Summary
In Martin v. Cameron Mut. Ins. Co., 763 S.W.2d 710 (Mo.App. 1989), the court, interpreting an auto insurance policy, held that the connection between the injury and the use of the vehicle need not be proximate cause "in the strict legal sense of causation permeating general tort law."
Summary of this case from Cawthon v. State Farm Fire Cas. Co.Opinion
No. 15665.
January 12, 1989.
APPEAL FROM THE CIRCUIT COURT, DUNKLIN COUNTY, FLAKE L. McHANEY, J.
Mark J. Pelts, Jones, Pelts, Stokley Turnbow, Kennett, for plaintiff-appellant.
Wendell W. Crow, Crow, Reynolds Preyer, Kennett, for defendant-respondent.
In this action the plaintiff, as a permissive driver, seeks to recover for personal injuries under the uninsured motorist coverage of a policy of insurance issued by defendant insurer to the owner of an insured automobile. The plaintiff sustained those injuries as a pedestrian returning to the insured automobile after attending a movie. He appeals from a summary judgment against him.

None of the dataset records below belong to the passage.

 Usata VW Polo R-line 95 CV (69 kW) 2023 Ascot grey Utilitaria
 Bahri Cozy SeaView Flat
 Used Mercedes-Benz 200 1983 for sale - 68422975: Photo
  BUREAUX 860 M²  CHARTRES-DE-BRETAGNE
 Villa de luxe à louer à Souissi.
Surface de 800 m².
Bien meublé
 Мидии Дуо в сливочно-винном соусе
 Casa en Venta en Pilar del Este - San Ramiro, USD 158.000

The following is a summary of the facts established by the evidentiary material supporting the defendant insurer's motion. The defendant issued a policy of automobile insurance to the named insured Velma E. Little. The described automobile was a 1983 Oldsmobile. The insurance afforded by the policy included liability insurance and uninsured motorist insurance.
Under the provisions for liability insurance, the relevant portion of the definition of insured is as follows: "[T]he unqualified word `insured' includes the named insured, any resident of the same household, any person while using the automobile, ... provided the actual use of the automobile is by an insured or with the permission of any named insured."

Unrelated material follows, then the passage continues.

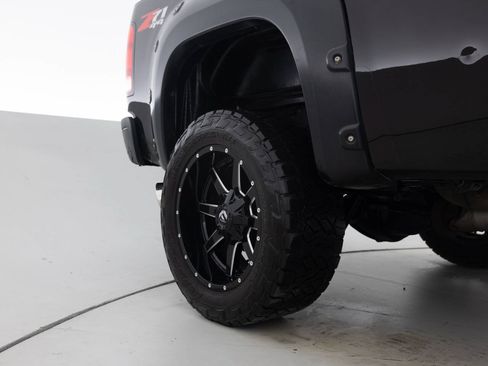 Used 2013 GMC Sierra 2500 Denali w/ Suspension Package, Off-Road AWD/4WD image 19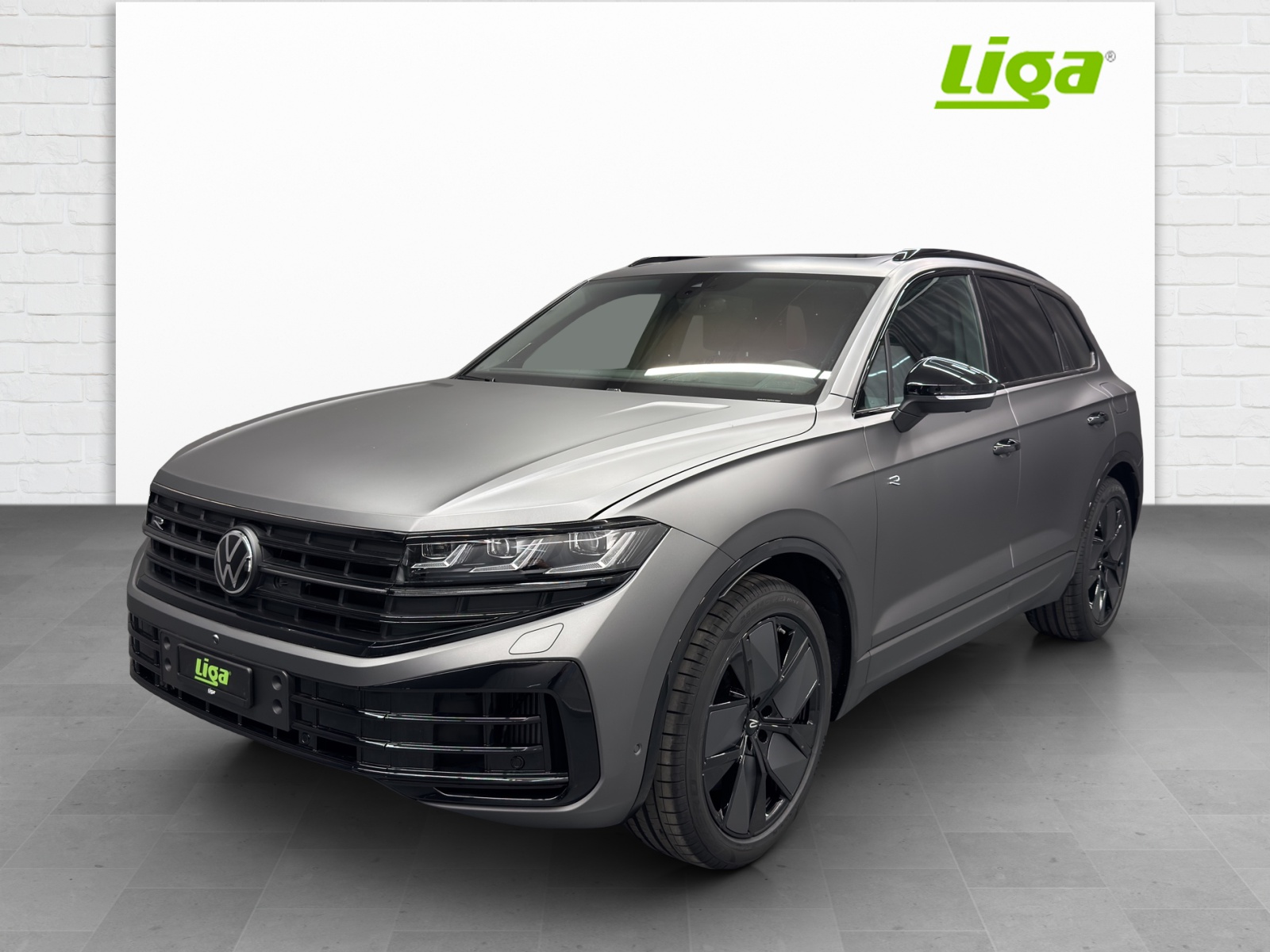 VW Touareg 3.0 V6 TSI PHEV R Final Edition-image-1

Under the provisions for uninsured motorist insurance an insured is defined as follows: "[T]he first named natural person and not a corporation, firm or partnership, and, while residents of the same household, the spouse of the first named natural person and the relatives of either but does not include any resident relative who, or whose spouse owns an automobile."
On the evening in question, the plaintiff, James Martin, and Velma E. Little decided to see a movie. The plaintiff, accompanied by Little, at her request drove the Oldsmobile from the Little home to a parking lot approximately one block from the theatre. They parked and walked to the theatre. After the movie in walking back to the automobile, they were crossing a street. When they were doing so, they were hit and injured by an automobile allegedly negligently driven by Brian K. Rather. The Rather automobile was an uninsured motor vehicle as defined in the Little policy. As stated, the plaintiff seeks to recover for his injuries under the uninsured motorist insurance provided by that policy.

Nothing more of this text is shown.